To determine the optimal thickness of the layer of applied mortar, it is necessary to take into account the recommendations of the manufacturers of the purchased building materials and the nature of the irregularities present on the surface to be repaired.

An excessively thin layer will quickly collapse and will poorly retain thermal energy, but painting a thick plaster layer will cause it to collapse.

Let's figure out how to plaster a brick or other wall for painting. To do this, the prepared solution is applied to the area highlighted by the beacons, after which it begins to be pulled together by construction rules while simultaneously filling the remaining void areas. After about a quarter of an hour, the wall is leveled and floated, after which the beacons can be dismantled by sealing the exposed strips with plaster mortar. As soon as the applied layer dries, it is covered with a primer mixture to strengthen it.

On plastered walls, internal corner areas are formed using a spatula or a special trowel. A finished steel profile is attached to the outer sections.

Which plaster to choose?

Plaster for leveling walls for painting is used with a mineral binder: gypsum, cement, lime-cement or clay. The first two are most often used.

Features of popular coatings

Gypsum mortar is easier to apply, it is more elastic and does not shrink.
In addition, the material is environmentally friendly and ensures fire safety. But there is a characteristic that can be both a plus and a minus - it sets quickly. On the one hand, this makes it possible to apply subsequent layers relatively quickly. On the other hand, you need to mix a small portion at a time so that you can put the prepared amount in half an hour. Cement plaster does not lose elasticity for up to two or more hours, so you can mix a large volume at a time.
It can be applied to any surface. At the same time, the mixture costs less. But it can shrink and takes longer to dry, so the process is lengthy. Important points that determine which plaster to choose for painting:

  1. Gypsum does not contain sand, so it is much smoother. It is used for interior decoration.
  2. It is impossible to create walls without roughness using cement-sand mortar. But it is suitable for wet areas and outdoor work.

Both types of plastered walls can be painted well. In the first case, the surface will be smooth, in the second - moisture resistant.

Puttying

If the plastering work is carried out perfectly, you still will not get a smooth surface.

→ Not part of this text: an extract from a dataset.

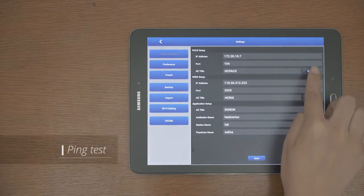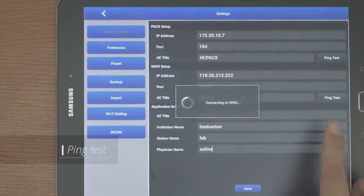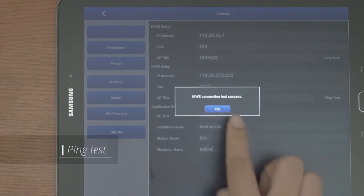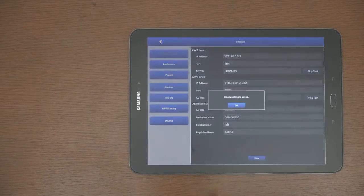And perform a ping test to confirm the connection. Once you see the success message, you can now scan.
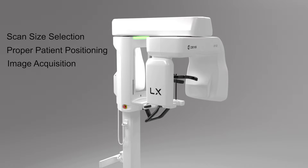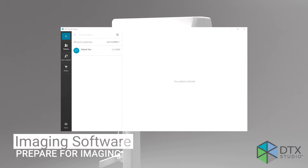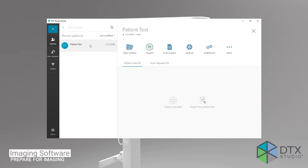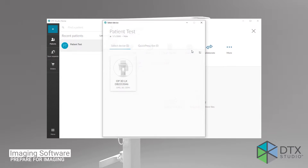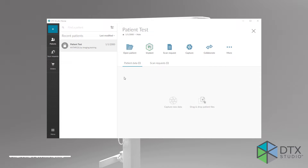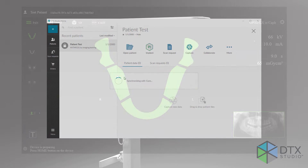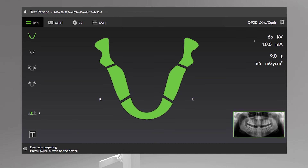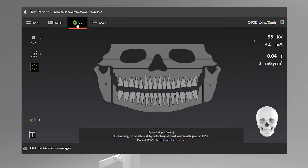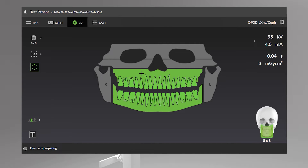Start by opening your dental imaging software. Select the patient for examination and select the device to establish a connection. The OP3D LX graphical user interface opens on the workstation when the connection to the device has been established. Select the 3D modality. With the 3D imaging program selected, you can select the region of interest on the dental chart for the 3D scan. This will automatically change the field of view according to your selection.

All the same, porous places remain into which the paint is absorbed, changing the shade and revealing shortcomings made in the work.

To get a perfect shade, before applying the paint you should apply a layer of putty, which can be:

  • starting. Contains sand, the grain size of which varies from 4 to 5 mm;
  • finishing. Gives perfect evenness and does not contain sand.

Taking into account the condition of the wall and the required evenness after repair, use two putty compounds or only the second (finishing) option.

When preparing a wall for painting, use polymer putty, which has certain advantages:

  • forms a durable layer;
  • excellent resistance to temperature changes;
  • allowed for use on different surfaces;
  • creates an elastic layer and is an ideal base before applying the coloring composition.

Anyone who decides to do such work with their own hands may not have sufficient skills.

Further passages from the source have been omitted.